**Problem details**. Print, word for word, the line containing "Video: Takto museli" and all lines beneath it to the end of the entries below. Pictures do not belong in the copy.

**Records for this exercise**.
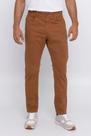 Calça slim masculina em sarja caramelo Calça slim masculina em sarja caramelo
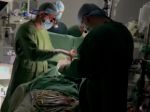 Video: Takto museli operovať kyjevskí chirurgovia bez elektriny, išlo o život dieťaťa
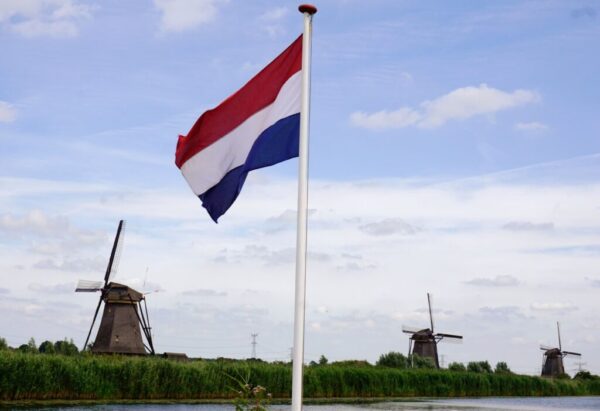 オランダ、中国との「姉妹都市」解消相次ぐ　人権侵害を問題視
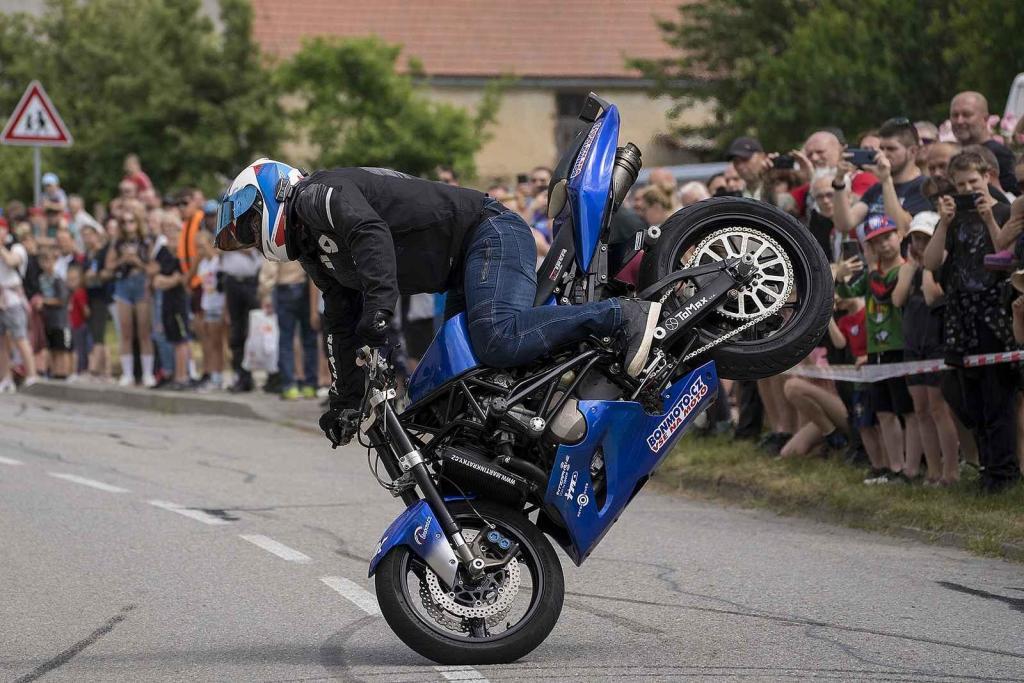 Připomeňte si, jak vypadala Moped rallye Rychtářov minulý rok.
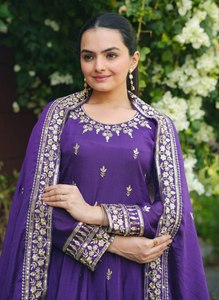 ชุดเดรส Anarkali แฟชั่นสไตล์อินเดียใต้ สีลาเวนเดอร์ ลายปักใหญ่สะดุดตา งานปักประณีต พร้อมรูปภาพจริงจาก 2026 SIE - Product Image 2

**Finished task**.
 Video: Takto museli operovať kyjevskí chirurgovia bez elektriny, išlo o život dieťaťa
 オランダ、中国との「姉妹都市」解消相次ぐ　人権侵害を問題視
 Připomeňte si, jak vypadala Moped rallye Rychtářov minulý rok.
 ชุดเดรส Anarkali แฟชั่นสไตล์อินเดียใต้ สีลาเวนเดอร์ ลายปักใหญ่สะดุดตา งานปักประณีต พร้อมรูปภาพจริงจาก 2026 SIE - Product Image 2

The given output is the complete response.